Petri builds her piece around the challenge — impossibility — of writing music, and how Sondheim met that challenge. He may have been the master of new approaches but, it seems, he stood on a clear understanding of what is required, each and every time. Petri summarizes Sondheim's definition of what makes a good song-story this way:




A song is delivered in time, and it has only as long as it lasts to tell you what it is trying to say, whether you hear it or not.










It can’t be too clever, and it can’t be too dull. It has to land on your ear as a surprise. If it contains jokes, they have to rhyme. (If it contains rhymes, words that are spelled differently are funnier, Sondheim thought, than words that are spelled the same.) And it doesn’t hurt if it’s hummable.

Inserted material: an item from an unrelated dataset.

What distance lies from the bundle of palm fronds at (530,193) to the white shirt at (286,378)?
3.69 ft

The song has to take the character singing it somewhere. It has to be essential to the show. “If you can take the song out," Sondheim said, "and it doesn’t leave a hole, then the song’s not necessary.”



Petri confesses her own so-far-unsuccessful attempts to write musical theater. She goes on to talk about the "artificiality" of musical theater — but underscores how that very artifice sometimes tells a "higher truth" and helps us "occupy the spaces we move through too quickly."


Defining what makes a story


As I read, I kept thinking about the work we do as journalistic storytellers? Is it artifice? Of course, at some level. We can't ever be there for the true beginning or ultimate end of a situation. We can't talk to everyone who was involved. We certainly can't fully inhabit the experiences of those we write about. But most of the people I know pursue it as a craft, and with a humility that, they hope, reflects a higher truth.


That's when I went back to the opening of Petri's piece, and how she summarized Sondheim's definition of story. For all our talk about what makes a story work — or, more typically, what makes it a mess — can we state it that clearly? Can we build that kind of definitive foundation, then stand on it as we create? Shouldn't we?


Petri, channeling Sondheim, gives nod to the time-sensitive nature of music, noting that's what makes it different than the written word. What I took away is that what's really different is what's heard rather than read. No going back.


But much of our journalism is defined by time limits: Radio and broadcast with strict discipline; print with tyrannical deadlines. Take "hummable" and sub in "memorable." Then tick, tick boom! It's all there.